There would have been the odd green tea spill at the G20 meeting in Seoul as leaders gathered around the Bloomberg terminal to learn the latest round of Chinese economic data. The Chinese finance minister was last seen slinking quietly out a back door.

China's annualised consumer price index grew by 4.4% in October, marking a significant jump above the 3.6% rate of growth in September. Economists had expected a 4.0% figure. Wholesale inflation looked similarly ominous, with the producer price index coming in at 5.0%, up on 4.3% last month and ahead of 4.5% expectations.

The reason the Chinese finance minister might have wanted to be somewhere else all of a sudden is that the inflation results suggests another rate hike will likely be forthcoming from the People's Bank of China anytime soon, which yet again puts pressure – further pressure – on Beijing to revalue the renminbi. Beijing is tipped to do just that, probably before the year is out, and probably only by about 5-7% as an increment.

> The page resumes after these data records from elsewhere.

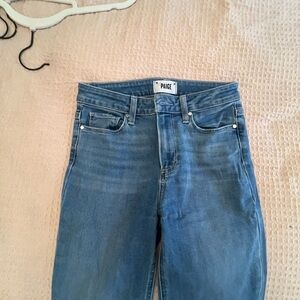 PAIGE Women's High Rise Light Blue Jeans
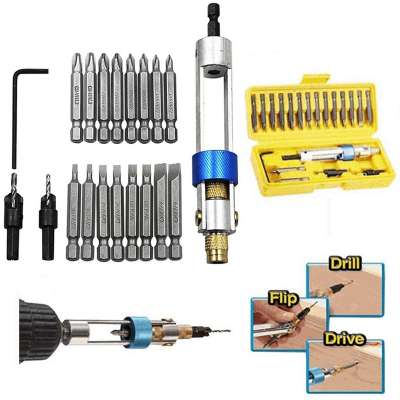 Oval Torque Electrical  20Pc Screwdriver Bits With 8 Phillips Bits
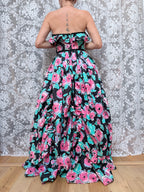 Vintage 1980s Laura Ashley Floral Bo Peep Maxi Dress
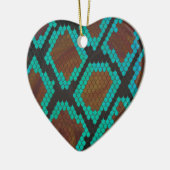 Schlange Brown und Aquamarine Printwerbung Keramikornament (Links)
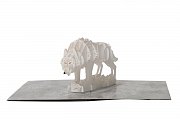 Game of Thrones 3D Pop-Up Greeting Card Direwolf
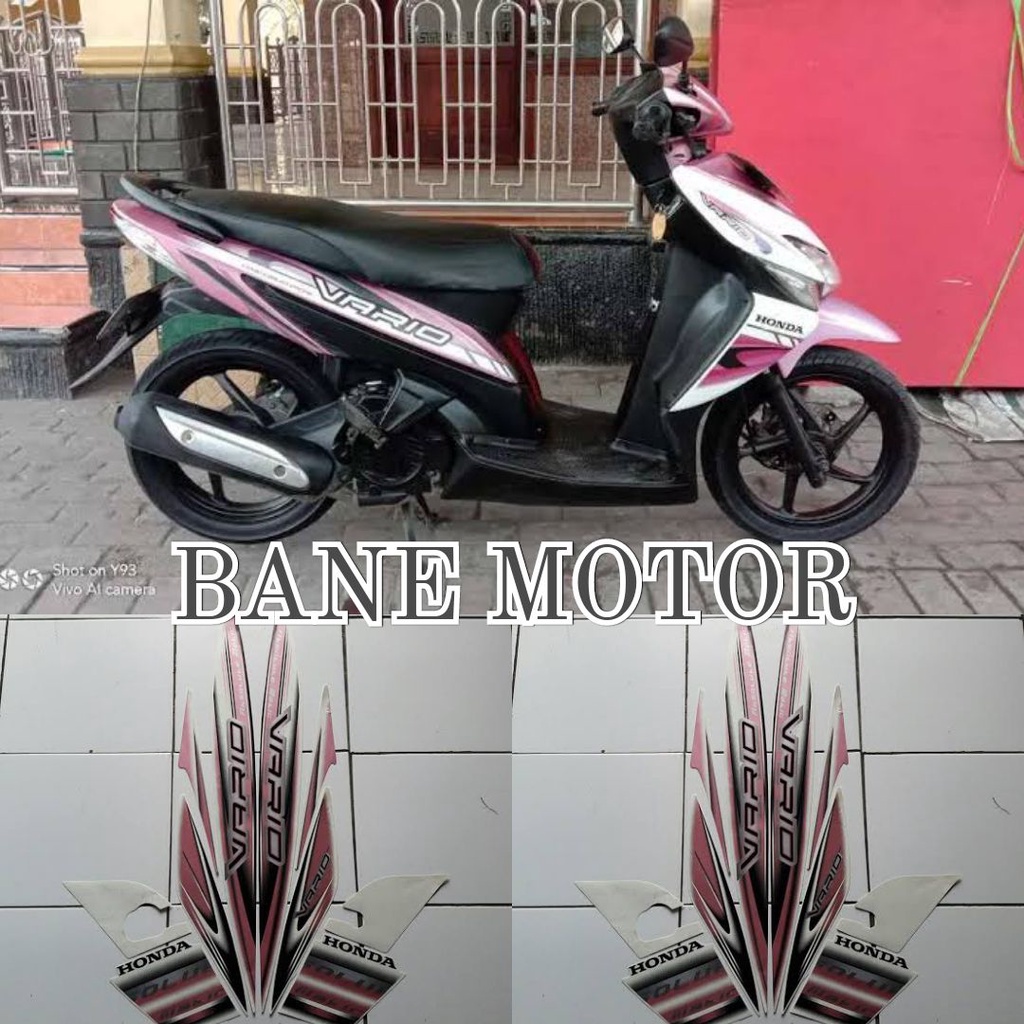 striping motor Vario 2008 putih Pink - stiker body Honda Vario 110 old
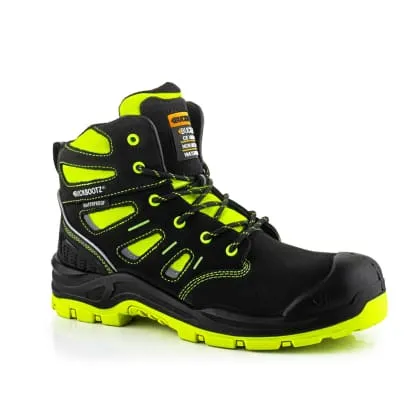 Buckboot High Visibility Metal Free Waterproof Safety Boot - bvis2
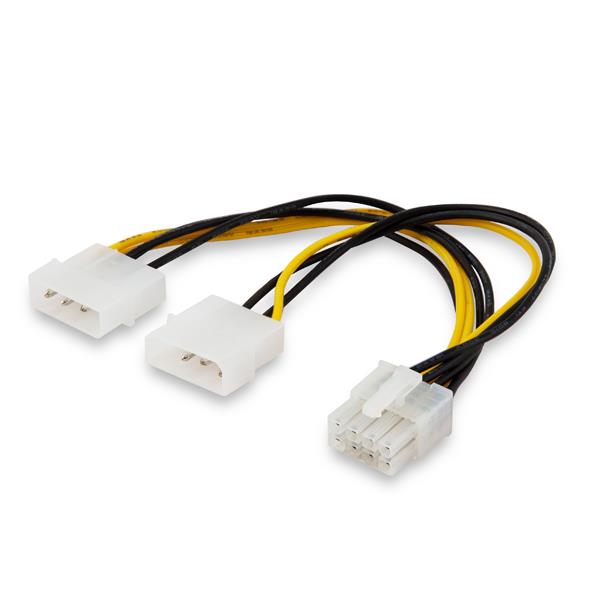 Kabel zasilający Savio AK-18 2xMolex 4 pin M - 8 pin EPS 5901986043119  - Incom Group
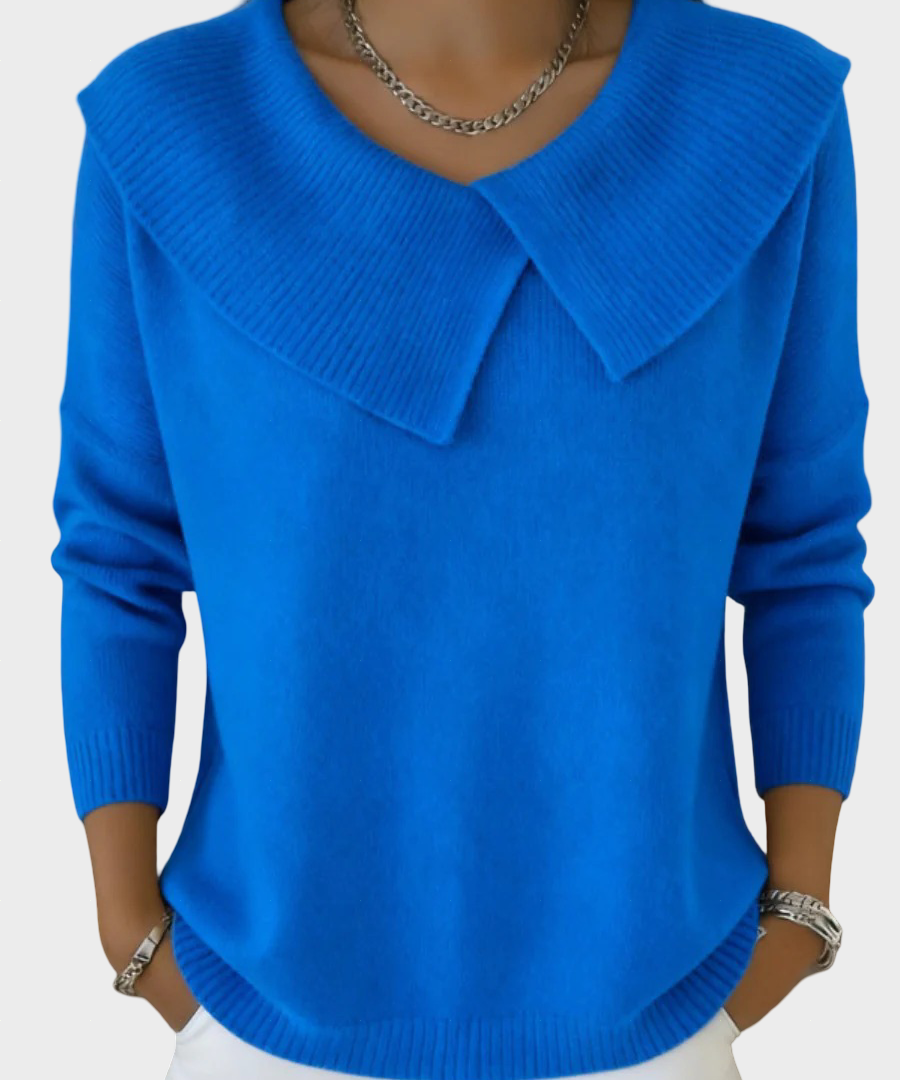 Lucia - Teplý svetr s měkkým límcem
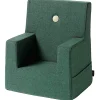Clearance by KlipKlap KK Kids Chair Sessel Deep Green/Light Green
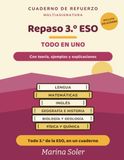 Todo en Uno 3.º ESO. Cuaderno de refuerzo: Las 6 materias de 3.º en un cuaderno: Lengua, Matemáticas, Inglés, Geografía e Historia, Biología y ... 3.º y prepara 4.º. Con todas las soluciones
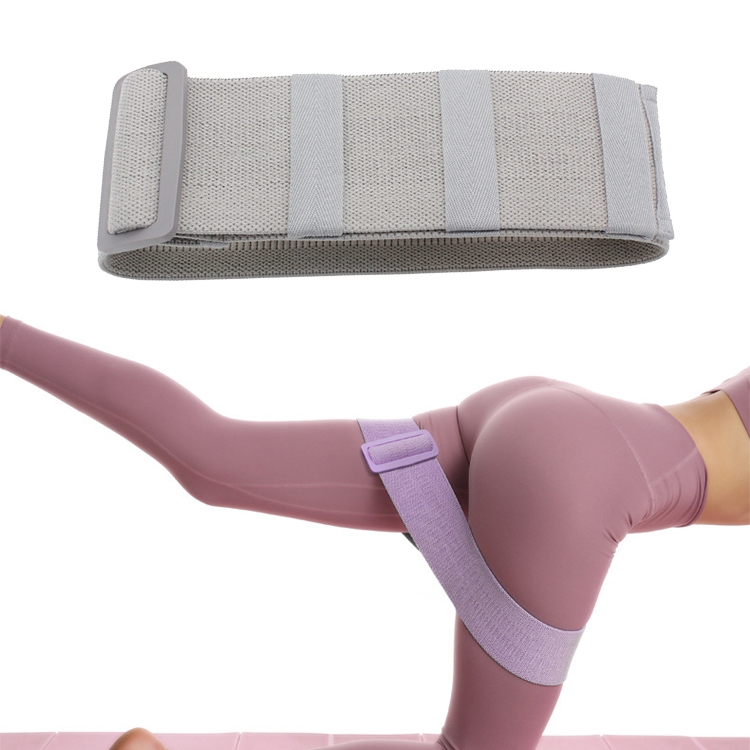 

2 PCS LD-3606 Adjustable Non-Slip Yoga Belt Thickening Tension Belt(Gray)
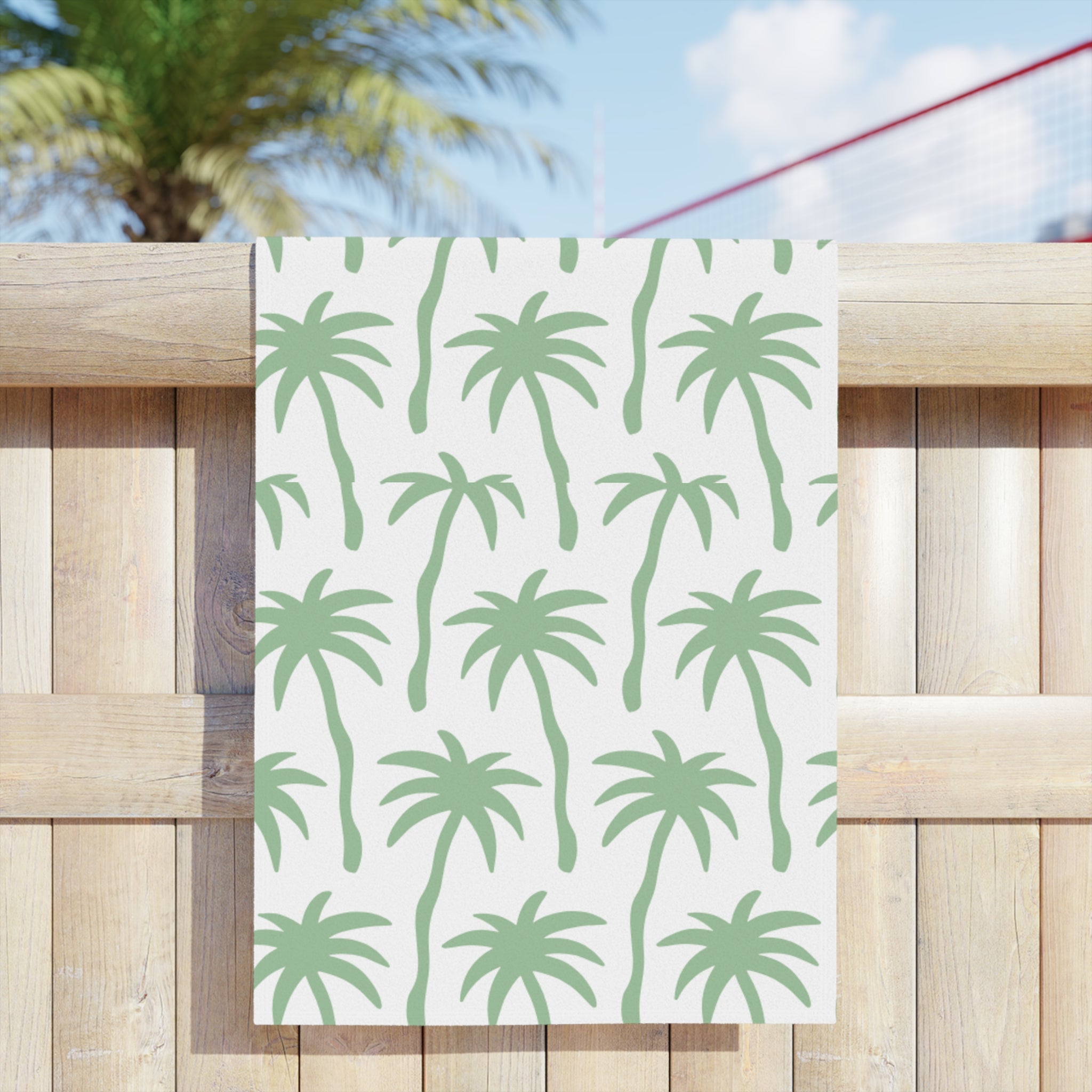 Tropical Palm Beach Towels, Summer Essentials, Poolside Must-Have, Vacation Gear, Gift for Beach Lovers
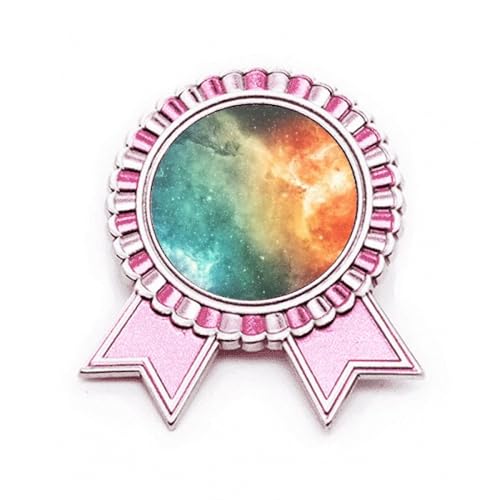 Broche nébuleuse bleue en métal idée cadeau astronomie originale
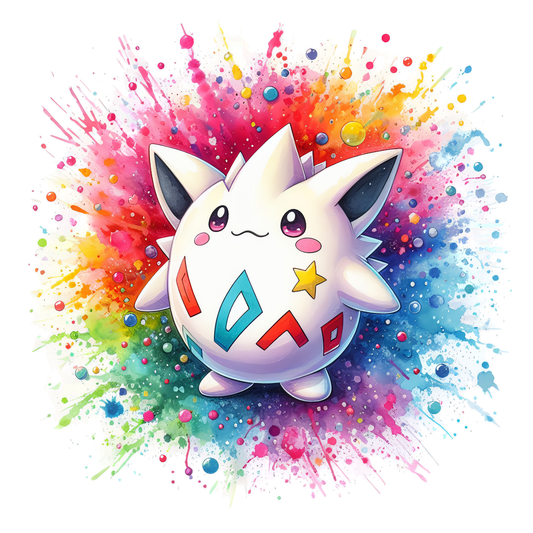 Vibrant Togepi Graphic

The renminbi is anywhere between 20% to 40% undervalued depending on what comparisons you use.

But if Beijing does revalue the renminbi shortly it will not be because a bunch of gweilos demanded as much at a token cocktail gathering.

The rest of China's data movements were more benign.

Urban investment dipped to 24.4% growth from 24.5%, bang on expectation; retail sales fell to 18.6% from 18.8% when a flat result was expected; and industrial production surprised with a fall to 13.1% from 13.3% when an increase to 13.5% was expected.

These numbers are more akin to a China being carefully slowed by Beijing. The inflation numbers, nevertheless, reflect rising commodity prices which to some extent reflect a weaker US dollar, but also fundamental demand/supply issues in the food and textile space. The food bill of the average Chinese household is still a far greater proportion of the weekly budget compared to that of Westerners, so soft commodity inflation, which has been running riot, has a greater impact on China than it does in the US or Australia.

China knows it's pointless to wave a finger at the US and its sinister money printing policies because it is Beijing who chooses to peg to the US dollar and thus import such inflation. Were the renminbi to be revalued then food prices for the Chinese population would fall, but so too would Chinese exports become more expensive, and Beijing does not yet think China's domestic economy is proportionately effective enough to cope with the burden of lost export sales and lower receipts.